## Task brief
Give again, word for word, every line in the entries below from the line with "MBA02040C9312FRP00DƬ" up to and including the line with "M2013LL3G01-K Image.", and no other line.

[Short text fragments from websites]
__________

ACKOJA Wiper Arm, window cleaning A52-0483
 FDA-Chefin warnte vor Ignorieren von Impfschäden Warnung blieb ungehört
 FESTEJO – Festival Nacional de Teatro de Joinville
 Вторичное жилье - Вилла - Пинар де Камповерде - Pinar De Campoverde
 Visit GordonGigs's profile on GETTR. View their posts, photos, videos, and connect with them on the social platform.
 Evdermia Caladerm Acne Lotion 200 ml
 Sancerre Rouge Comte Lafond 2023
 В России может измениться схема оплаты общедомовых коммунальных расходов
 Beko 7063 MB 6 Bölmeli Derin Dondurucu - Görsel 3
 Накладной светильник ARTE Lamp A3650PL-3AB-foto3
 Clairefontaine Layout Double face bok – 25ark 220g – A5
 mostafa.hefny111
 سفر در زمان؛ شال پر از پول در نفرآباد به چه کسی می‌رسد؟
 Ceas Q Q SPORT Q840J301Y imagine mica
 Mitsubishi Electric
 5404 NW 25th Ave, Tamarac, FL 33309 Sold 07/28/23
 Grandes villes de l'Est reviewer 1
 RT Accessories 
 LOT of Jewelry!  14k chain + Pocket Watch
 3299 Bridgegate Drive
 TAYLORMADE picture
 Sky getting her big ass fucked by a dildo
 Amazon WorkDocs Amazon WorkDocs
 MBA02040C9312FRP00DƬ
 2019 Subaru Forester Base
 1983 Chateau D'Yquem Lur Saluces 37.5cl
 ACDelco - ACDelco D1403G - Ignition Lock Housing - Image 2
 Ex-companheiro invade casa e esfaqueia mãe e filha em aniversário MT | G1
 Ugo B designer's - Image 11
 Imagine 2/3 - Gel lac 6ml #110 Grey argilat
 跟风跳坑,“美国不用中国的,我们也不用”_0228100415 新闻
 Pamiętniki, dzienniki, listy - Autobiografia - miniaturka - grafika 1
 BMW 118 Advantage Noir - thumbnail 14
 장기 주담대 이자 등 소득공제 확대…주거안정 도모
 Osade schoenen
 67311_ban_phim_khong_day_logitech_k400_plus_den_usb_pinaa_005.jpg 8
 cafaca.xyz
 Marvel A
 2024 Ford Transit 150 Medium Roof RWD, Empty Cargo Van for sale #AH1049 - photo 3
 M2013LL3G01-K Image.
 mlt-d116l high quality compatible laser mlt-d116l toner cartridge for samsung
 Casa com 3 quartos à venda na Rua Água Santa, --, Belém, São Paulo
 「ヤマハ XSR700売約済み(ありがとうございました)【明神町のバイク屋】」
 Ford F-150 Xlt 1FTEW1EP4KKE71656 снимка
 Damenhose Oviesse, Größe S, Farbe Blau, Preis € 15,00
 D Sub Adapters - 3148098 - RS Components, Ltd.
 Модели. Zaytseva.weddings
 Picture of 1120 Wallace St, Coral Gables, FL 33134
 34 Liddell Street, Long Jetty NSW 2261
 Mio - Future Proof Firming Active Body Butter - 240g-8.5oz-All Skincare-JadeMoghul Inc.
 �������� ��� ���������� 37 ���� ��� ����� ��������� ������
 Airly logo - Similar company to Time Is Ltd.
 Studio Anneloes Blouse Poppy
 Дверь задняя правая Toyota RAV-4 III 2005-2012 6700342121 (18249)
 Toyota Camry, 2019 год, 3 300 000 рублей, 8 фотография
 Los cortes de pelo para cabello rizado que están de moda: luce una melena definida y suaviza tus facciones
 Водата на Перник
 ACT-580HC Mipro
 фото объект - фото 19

__________

## Completed exercise
 MBA02040C9312FRP00DƬ
 2019 Subaru Forester Base
 1983 Chateau D'Yquem Lur Saluces 37.5cl
 ACDelco - ACDelco D1403G - Ignition Lock Housing - Image 2
 Ex-companheiro invade casa e esfaqueia mãe e filha em aniversário MT | G1
 Ugo B designer's - Image 11
 Imagine 2/3 - Gel lac 6ml #110 Grey argilat
 跟风跳坑,“美国不用中国的,我们也不用”_0228100415 新闻
 Pamiętniki, dzienniki, listy - Autobiografia - miniaturka - grafika 1
 BMW 118 Advantage Noir - thumbnail 14
 장기 주담대 이자 등 소득공제 확대…주거안정 도모
 Osade schoenen
 67311_ban_phim_khong_day_logitech_k400_plus_den_usb_pinaa_005.jpg 8
 cafaca.xyz
 Marvel A
 2024 Ford Transit 150 Medium Roof RWD, Empty Cargo Van for sale #AH1049 - photo 3
 M2013LL3G01-K Image.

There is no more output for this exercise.